La Regla De Ocha and Gendered Medicine

Although it is difficult enough to negotiate the intersections of religion, biomedicine, and gender on a nationalized scale to provide policies and advocate for reforms that can accommodate the inherent inequalities in the provider-patient relationship, one must also be careful to help advocate for those people who do not have the same access to biomedical care as might be presumed in activism at the center of society such as simply advocating for the right to birth control services. To make biomedicine a privileged etiology in its construction of treatment and prevention of disease or illness, and then extend that conceit as something that is accepted by the patient, threatens a marginalization of people and social groups with different approaches to overcoming the state of being unwell.
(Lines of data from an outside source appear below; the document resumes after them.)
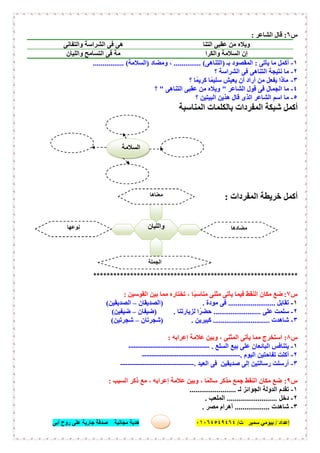 ‫إﻋﺪاد‬/‫ﺑﯿﻮﻣﻲ‬‫ت‬ ‫ﺳﻤﯿﺮ‬/٠١٠٦٤٥٤٩٤٦٤‫أﺑﻰ‬ ‫روح‬ ‫ﻋﻠﻰ‬ ‫ﺟﺎرﯾﺔ‬ ‫ﺻﺪﻗﺔ‬ ‫ﻣﺠﺎﻧﯿﺔ‬ ‫ھﺪﯾﺔ‬ ٥٨
‫س‬٦:‫اﻟﺸﺎﻋﺮ‬ ‫ﻗﺎل‬:
‫اﻟﺘﻨﺎ‬ ‫ﻋﻘﺒﻰ‬ ‫ﻣﻦ‬ ‫وﯾﻼه‬‫واﻟﺘﻔﺎﻧﻰ‬ ‫اﻟﺸﺮاﺳﺔ‬ ‫ﻓﻰ‬ ‫ھﻰ‬
‫واﻟﻜﺮا‬ ‫اﻟﺴﻼﻣﺔ‬ ‫إن‬‫واﻟﻠﯿﺎن‬ ‫اﻟﺘﺴﺎﻣﺢ‬ ‫ﻓﻰ‬ ‫ﻣﺔ‬
١-‫ﯾﺄﺗﻰ‬ ‫ﻣﺎ‬ ‫أﻛﻤﻞ‬:‫ﺑـ‬ ‫اﻟﻤﻘﺼﻮد‬)‫اﻟﺘﻨﺎھﻰ‬.............. (‫وﻣﻀﺎد‬ ،)‫اﻟﺴﻼﻣﺔ‬................ (
٢-‫ﻓ‬ ‫اﻟﺘﻨﺎھﻰ‬ ‫ﻧﺘﯿﺠﺔ‬ ‫ﻣﺎ‬‫؟‬ ‫اﻟﺸﺮاﺳﺔ‬ ‫ﻰ‬
٣-‫؟‬ ‫ﺎ‬ً‫ﻛﺮﯾﻤ‬ ‫ﺎ‬ً‫ﺳﻠﯿﻤ‬ ‫ﯾﻌﯿﺶ‬ ‫أن‬ ‫أراد‬ ‫ﻣﻦ‬ ‫ﯾﻔﻌﻞ‬ ‫ﻣﺎذا‬
٤-‫اﻟﺸﺎﻋﺮ‬ ‫ﻗﻮل‬ ‫ﻓﻰ‬ ‫اﻟﺠﻤﺎل‬ ‫ﻣﺎ‬"‫اﻟﺘﻨﺎھﻰ‬ ‫ﻋﻘﺒﻰ‬ ‫ﻣﻦ‬ ‫وﯾﻼه‬"‫؟‬
٥-‫؟‬ ‫اﻟﺒﯿﺘﯿﻦ‬ ‫ھﺬﯾﻦ‬ ‫ﻗﺎل‬ ‫اﻟﺬى‬ ‫اﻟﺸﺎﻋﺮ‬ ‫اﺳﻢ‬ ‫ﻣﺎ‬
‫اﻟﻤﻨﺎﺳﺒﺔ‬ ‫ﺑﺎﻟﻜﻠﻤﺎت‬ ‫اﻟﻤﻔﺮدات‬ ‫ﺷﺒﻜﺔ‬ ‫أﻛﻤﻞ‬
‫اﻟﻤﻔﺮدات‬ ‫ﺧﺮﯾﻄﺔ‬ ‫أﻛﻤﻞ‬:
*************************************************************
‫س‬٧:‫اﻟﻘﻮﺳﯿﻦ‬ ‫ﺑﯿﻦ‬ ‫ﻣﻤﺎ‬ ‫ﺗﺨﺘﺎره‬ ، ‫ًﺎ‬‫ﺒ‬‫ﻣﻨﺎﺳ‬ ‫ﻣﺜﻨﻰ‬ ‫ﯾﺄﺗﻰ‬ ‫ﻓﯿﻤﺎ‬ ‫اﻟﻨﻘﻂ‬ ‫ﻣﻜﺎن‬ ‫ﺿﻊ‬:
١-‫ﺗﻘﺎﺑﻞ‬.........................‫ﻣﻮدة‬ ‫ﻓﻰ‬) .‫اﻟﺼﺪﯾﻘﺎن‬–‫اﻟﺼﺪﯾﻘﯿﻦ‬(
٢-‫ﻋﻠﻰ‬ ‫ﺳﻠﻤﺖ‬.........................‫ﻟﺰﯾﺎرﺗﻨﺎ‬ ‫ا‬ً‫ﺣﻀﺮ‬.)‫ﺿﯿﻔﺎن‬–‫ﺿﯿﻔﯿﻦ‬(
٣-‫ﺷﺎھﺪت‬..............................‫ﻛﺒﯿﺮﯾﻦ‬) .‫ﺷﺠﺮﺗﺎن‬–‫ﺷﺠﺮﺗﯿﻦ‬(
‫س‬٨:‫إﻋﺮاﺑﮫ‬ ‫ﻋﻼﻣﺔ‬ ‫وﺑﯿﻦ‬ ، ‫اﻟﻤﺜﻨﻰ‬ ‫ﯾﺄﺗﻰ‬ ‫ﻣﻤﺎ‬ ‫اﺳﺘﺨﺮج‬:
١-‫اﻟﺴﻠﻊ‬ ‫ﺑﯿﻊ‬ ‫ﻋﻠﻰ‬ ‫اﻟﺒﺎﺋﻌﺎن‬ ‫ﯾﺘﻨﺎﻓﺲ‬.---------------------------------
٢-‫اﻟﯿﻮم‬ ‫ﺗﻔﺎﺣﺘﯿﻦ‬ ‫أﻛﻠﺖ‬.----------------------------------------
٣-‫اﻟﻌﯿﺪ‬ ‫ﻓﻰ‬ ‫ﺻﺪﯾﻘﯿﻦ‬ ‫إﻟﻰ‬ ‫رﺳﺎﻟﺘﯿﻦ‬ ‫أرﺳﻠﺖ‬.------------------------------
‫س‬٩:‫اﻟﺴﺒﺐ‬ ‫ذﻛﺮ‬ ‫ﻣﻊ‬ ، ‫إﻋﺮاﺑﮫ‬ ‫ﻋﻼﻣﺔ‬ ‫وﺑﯿﻦ‬ ، ‫ﺎ‬ً‫ﺳﺎﻟﻤ‬ ‫ﻣﺬﻛﺮ‬ ‫ﺟﻤﻊ‬ ‫اﻟﻨﻘﻂ‬ ‫ﻣﻜﺎن‬ ‫ﺿﻊ‬:
١-‫ﻟـ‬ ‫اﻟﺠﻮاﺋﺰ‬ ‫اﻟﺪوﻟﺔ‬ ‫ﺗﻘﺪم‬........................
٢-‫دﺧﻞ‬..........................‫اﻟﻤ‬‫ﻠﻌﺐ‬.
٣-‫ﺷﺎھﺪت‬..................‫ﻣﺼﺮ‬ ‫أھﺮام‬.
‫واﻟﻠﯿﺎن‬
‫ﻣﻌﻨﺎھﺎ‬
.........................
‫ﻣﻀﺎدھﺎ‬
.........................
‫ﻧﻮﻋﮭﺎ‬
.........................
‫اﻟﺠﻤﻠﺔ‬
......................................
‫اﻟﺴﻼﻣﺔ‬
To further assume that the ways that the inevitable negotiation of alternative, religious and gendered etiologies on the part of the medical practitioner will be accepted by the patient aggravates the situation.

One case of how certain influential discourses, that of the disciplinary police force of the United States and the sensationalist daily media, belittle and seek to limit the negotiation of etiologies by patients who wish to empower themselves in an epistemology that extends beyond the cause of illness to a religious worldview itself, comes from the practice of La Regla de Ocha, or Santería. An Afro-Cuban religion that has made its way stateside through Cuban immigration into the United States but extends beyond Cuban immigrant populations, La Regla de Ocha has a hybrid identity as being Afro-Cuban and Roman Catholic. This originally led anthropologists to describe the religion as a syncretic combination of the religion of the Yoruba people of Western Africa who were forcibly taken to Cuba as slaves and the Roman Catholicism of the colonizers, associating the religion with what they deemed to be other Afro-American “syncretizations” like Vodou.

Yet the term “syncretism” to describe the formation of the religion was misleading despite its continued usage. Forced by the Cuban colonizers to participate in cabildos or social groups created to enforce Roman Catholicism, the slaves negotiated their religious beliefs with Catholic symbolism by adopting some of the signs of Roman Catholicism—the images of Saints—as masking representations of their religion’s orisás, or deities. By adapting to the social situation and “signifying on” Roman Catholicism, the slaves undermined the symbology of the dominant culture by using its symbols for religious and ritualistic purposes unintended in the dominant culture.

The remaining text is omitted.